Termites can indicate the location of undiscovered deposits of gold and other metals, according to new Australian research.
Nowadays, prospecting for Australian minerals is more time-consuming and expensive due to the resources being buried deep under layers of rock and soil.
Insects bio-accumulate some metals for physiological purposes, such as strengthening their cuticles.
In termites, subterranean gold is brought to the surface both in the insects’ bodies and also their mounds, potentially providing information about untapped mineral deposits below.
“What is really great about ants and termites is that we can use their work instead of spending vast amounts on expensive drilling,” said study co-author Aaron Stewart at the Commonwealth Scientific and Industrial Research Organisation (CSIRO), according to Fresh Science.
“After 150 years of exploration, the easiest deposits near the surface have been discovered.

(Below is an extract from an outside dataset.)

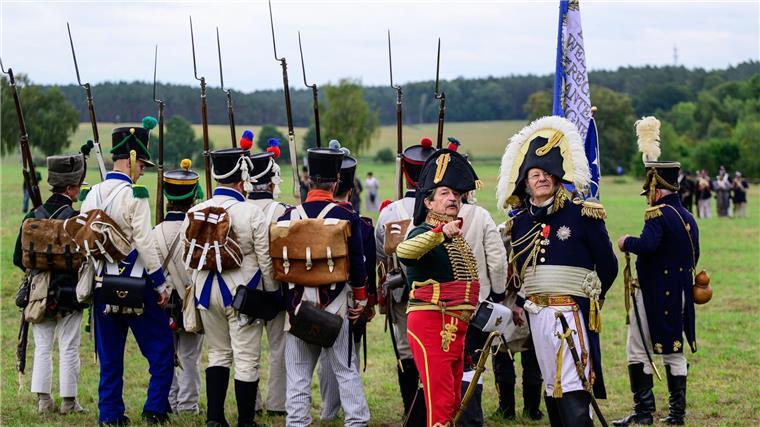 In historischen Uniformen spielen etwa 150 Darsteller die Göhrdeschlacht nach.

We need new ways of finding gold.”
Using knowledge gleaned from termites could therefore reduce the costs of drilling, as well as being more environmentally friendly.
“In some places we have shown that termites and ants can bridge that gap by bringing up evidence from five meters down,” Stewart said.
“Our new research shows that it is not only the really big termite mounds like the ones found in northern Australia that can be useful,” he added.
“Small termite and ant mounds that occur all over the country can do the job.”
The research was published in the November issue of Geochemistry: Exploration, Environment, Analysis, and PLoS ONE on Nov. 8.